Nelle carceri mancano gli specialisti per un'adeguata assistenza psicologica

E l’avvocato Garritano prosegue: «Può capitare che colui che ha commesso la rapina di 200 euro (già questo ne dimostra la disperazione), dopo oltre un anno e sei mesi di carcere presso la Casa Circondariale di Vibo Valentia decida di suicidarsi ed ora si trovi ricoverato in stato di coma. Si, per una rapina di 200 euro, quel taluno non poteva beneficiare di nessuna misura alternativa». E aggiunge: «Senza adeguata assistenza psicologica perché nelle carceri spesso mancano gli specialisti. Non si sa se sopravviverà. Resta però vivo il reato ostativo, sempre, e per quei reati resta vivo in modo oggettivo, senza possibilità alcuna di valutare efficacemente la personalità del singolo soggetto».

L’avvocato: “Il reato ostativo non è civiltà, non è giustizia, ma è solo vendetta!”

L’avvocato Garritano si chiede se sia giusto così. «No, non è giusto, “il reato ostativo” non è civiltà, non è giustizia, ma è solo vendetta di uno Stato “democratico”! Tenetevi il reato ostativo e noi Avvocati continueremo a lottare per la vita e per la civiltà giuridica», conclude amaramente. L’articolo 4 bis, quello ostativo, come già ricordato su Il Dubbio, è l’esempio perfetto del panpenalismo. Una norma che nasce come una eccezione (le stragi di mafia) ma che con il passar del tempo si è ampliata e come una calamita ha attirato a sé tutti quei reati che diventano – a seconda le emozioni del momento – delle vere e proprie emergenze. Anche quando le emergenze, di fatto, non ci sono. Tant’è vero che siamo arrivati fino alla “spazzacorrotti”.

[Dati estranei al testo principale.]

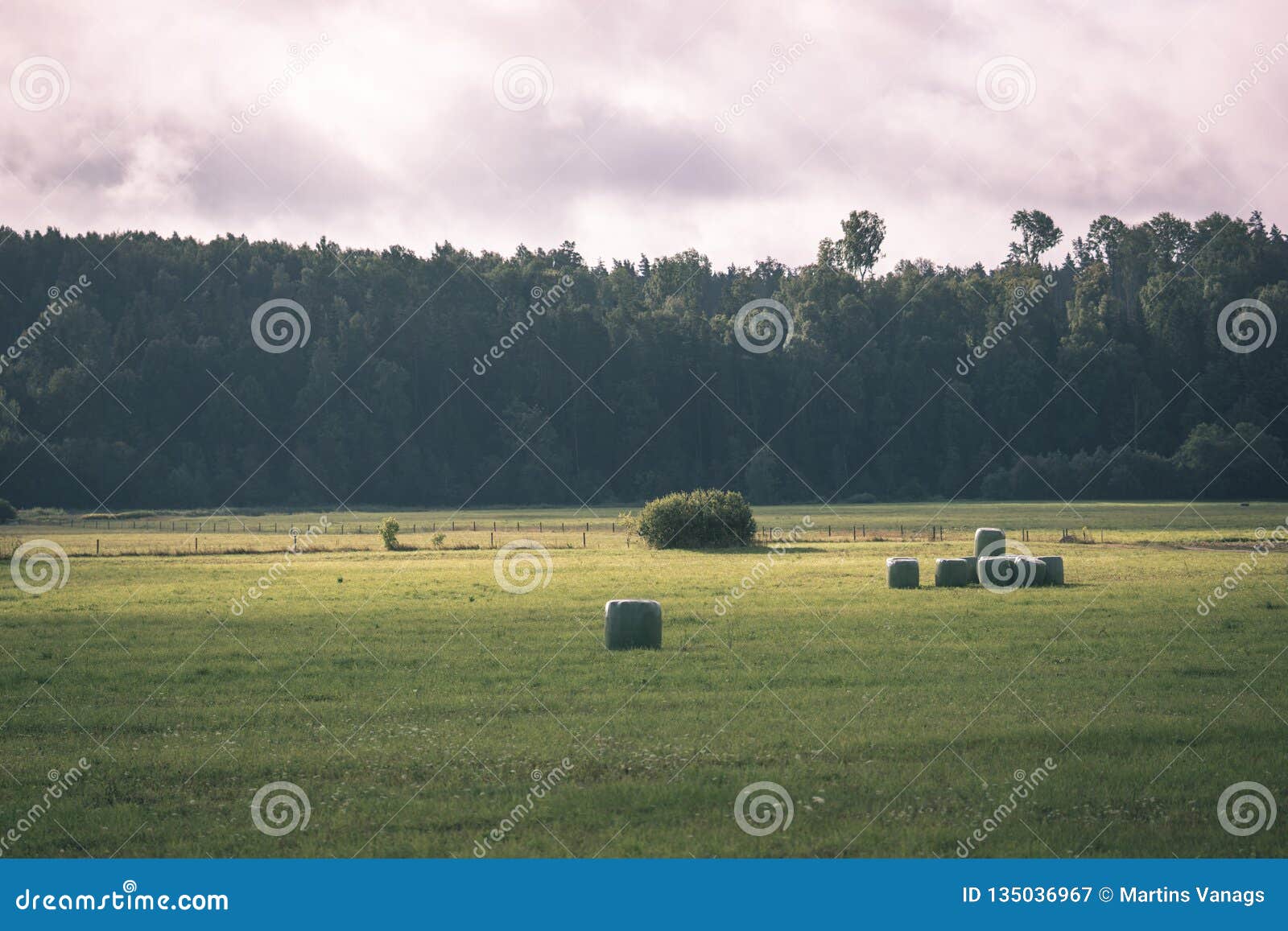 Cultivated Wheat Field in Summer - Vintage Retro Look Stock Image ...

La riforma Bonafede ha allargato il 4  bis anche a chi commette reati di corruzione nella pubblica amministrazione

La famigerata riforma Bonafede, targata Movimento 5 Stelle, ha allargato il 4 bis anche nei confronti di chi commette reati di corruzione nella pubblica amministrazione. Se si analizza il catalogo dei reati ostativi contemplati nelle versioni di volta in volta innovate, si può allora constatare come tale catalogo si estenda al verificarsi di fenomeni criminali che suscitano un particolare allarme sociale.Che la pena sia temporanea o perpetua, dunque, dal carcere non si esce se non attraverso la collaborazione, oppure attraverso il superamento – come prevede il decreto legge difeso dall’attuale guardasigilli Carlo Nordio che ricalca e a tratti peggiora il testo di riforma approvato dalla camera nella scorsa legislatura – di rigidissimi paletti che diventano, di fatto, insormontabili.

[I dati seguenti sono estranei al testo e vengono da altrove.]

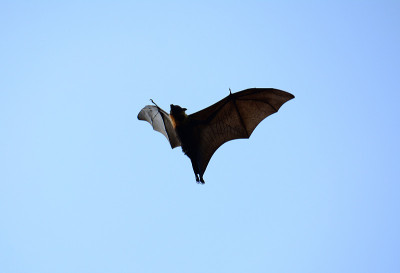 lyie的flyingfox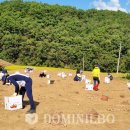 우보면 행정복지센터 이미지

L'Italia è sotto osservazione del Comitato dei ministri del Consiglio d’Europa

La Corte costituzionale – come ha affermato l’associazione radicale Nessuno Tocchi Caino – ha deciso di non decidere: prima al Parlamento con ben due rinvii e poi alla Cassazione a cui ha, come richiesto il governo, restituito gli atti per una valutazione del decreto. Il nostro Paese continua ad essere sotto osservazione del Comitato dei ministri del Consiglio d’Europa per il rispetto della sentenza pilota Viola contro Italia, patrocinata dall’avvocato Antonella Mascia e sostenuta con un amicus curiae anche da Nessuno tocchi Caino. Sentenza che ha sancito la violazione sistematica dell’articolo 3 della Convenzione connessa alla disciplina dell’articolo 4 bis e ha affermato il diritto alla speranza come diritto umano fondamentale. Poco è cambiato tramite decreto.

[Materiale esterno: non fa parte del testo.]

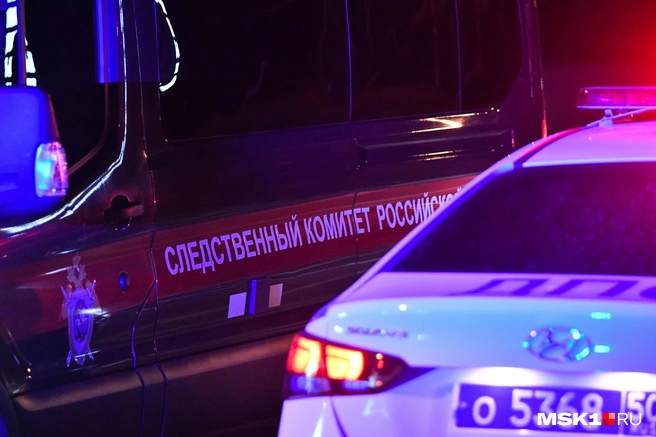 В Подмосковье супруг несколько часов издевался над женой, а затем убил | Источник: Артем Устюжанин / MSK1.RU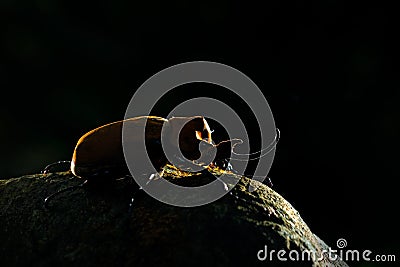 Back light,Rhinoceros elephant beetle, Megasoma elephas, very big insect from rain forest in Caosta Rica. Beetle siting on stone i Stock Photo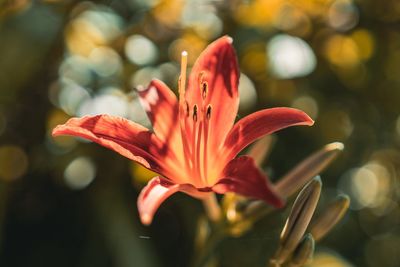 Close-up of orange flower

Certa retorica antimafia vorrebbe far credere che gli ostativi siano tutti come Totò Riina

Con l’ostativo alcuni continueranno ad uscire tramite la bara, altri – come Giovanni Presta per un furto di 200 euro – attraverso un tentativo di suicidio. Ora è in coma, ma secondo le notizie reperite dall’avvocato, rischia seriamente di non farcela. Potrebbe diventare il 74esimo suicido dall’inizio dell’anno. Da tenere bene in mente quando strumentalmente si usa una certa retorica antimafia facendo credere che gli ostativi siano tutti come Totò Riina.